En 1848, un comité nommé par la Chambre des communes pour faire une enquête sur l'état de la traite des noirs et sur le degré d'efficacité de la mesure employée pour la réprimer, rédigea deux rapports dont les conclusions furent: «Que le gouvernement devait songer à renoncer, aussitôt que possible, aux moyens employés jusqu'alors pour la suppression du trafic des noirs[72].»
[Note 72: Revue coloniale, t. I et II.]
La presse anglaise tout entière s'émut à cette révélation; et le Times, prenant texte du témoignage rendu devant la commission d'enquête par le commodore Hottam, l'un des derniers chefs d'escadre employés à la répression de la traite; et s'appuyant sur un opuscule du capitaine William Allen, l'ancien chef de l'expédition du Niger, se prononça pour le rappel de l'escadre britannique.
«Les escadres de blocus, disait le Times, ont complètement manqué leur but, qui était de balayer l'Océan des négriers, et, dans l'opinion du comité, elles le manqueront toujours, quels que soient d'ailleurs les forces et le talent qu'on mette au service de ce système.»
L'an dernier enfin, une députation de négociants anglais soumettait à lord Palmerston ses observations «sur les mesures à employer pour amener les gouvernements européens à exercer une action plus efficace en matière de traite des noirs,» et concluait à l'immigration[73].
[Note 73: Revue coloniale;—Revue contemporaine, janvier 1858.]

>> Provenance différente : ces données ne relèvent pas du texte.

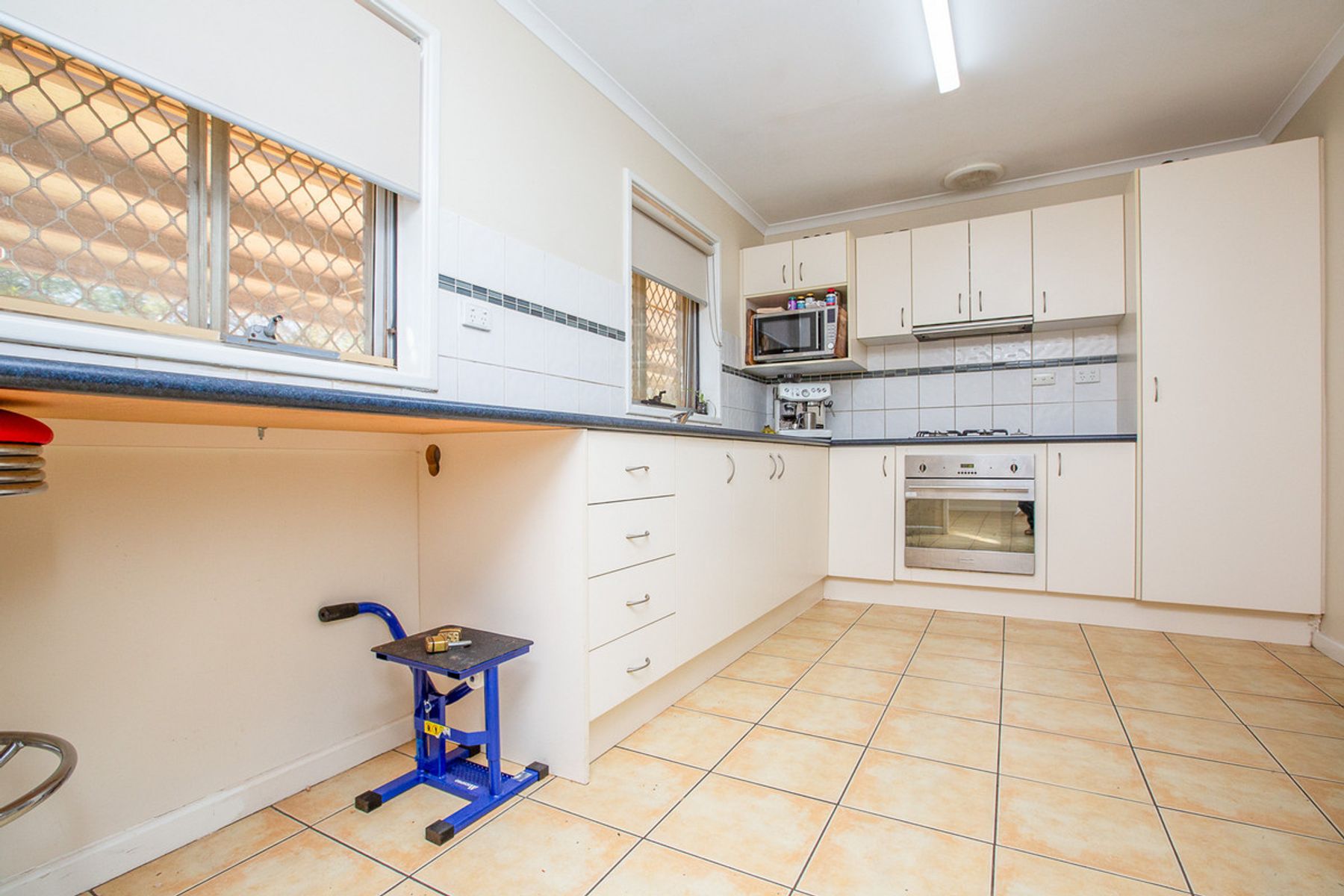 41 Somerset Crescent, South Hedland WA 6722, South Hedland - Thumbnail 3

Il reste donc acquis que la traite se fait partiellement encore sur l'est et sur l'ouest du continent africain, et qu'elle n'y a rien perdu de son activité du sud au nord, par caravanes; que sa quasi-suppression n'a rien modifié à l'état de guerre immémorial et permanent des rois soudaniens entre eux, et qu'elle a pour effet, au contraire, de substituer à l'esclavage des nègres chez les blancs, relativement très-tolérable, un esclavage sur place atroce, impitoyable, pire cent fois que le premier, pire que l'esclavage antique.
Voici donc ce que les gouvernements de l'Europe, sous la pression d'une ignorante philanthropie, au nom de la religion, de la morale et de la liberté, ont trouvé de mieux à faire pour ces quarante ou cinquante millions de pauvres nègres qui peuplent les Soudans! Ils les ont condamnés moitié à l'esclavage, sans rachat possible, et tous au paganisme et à la barbarie à perpétuité.
Admettons pour un moment l'impossible: deux escadres de mille vaisseaux croisant en vue des côtes dans l'océan Atlantique et la mer des Indes; des postes échelonnés depuis la haute Égypte, au travers du désert, jusqu'au sud du Maroc, veillant l'arme au bras; pas un négrier ne peut échapper au canon des escadres, pas une caravane ne franchira cette vaste haie de baïonnettes; pas un nègre désormais ne sortira du Soudan; la traite sera supprimée, cette fois, à n'en pas douter.
Eh bien! vous aurez un grand cirque, un cirque d'un million de lieues carrées où des millions d'hommes s'égorgeront sans merci; car, plus impitoyables que le peuple-roi quand il se donnait la joie d'un combat de gladiateurs, vous aurez fermé la janua vivaria, la porte de vie par où s'échappaient de l'amphithéâtre les combattants épargnés.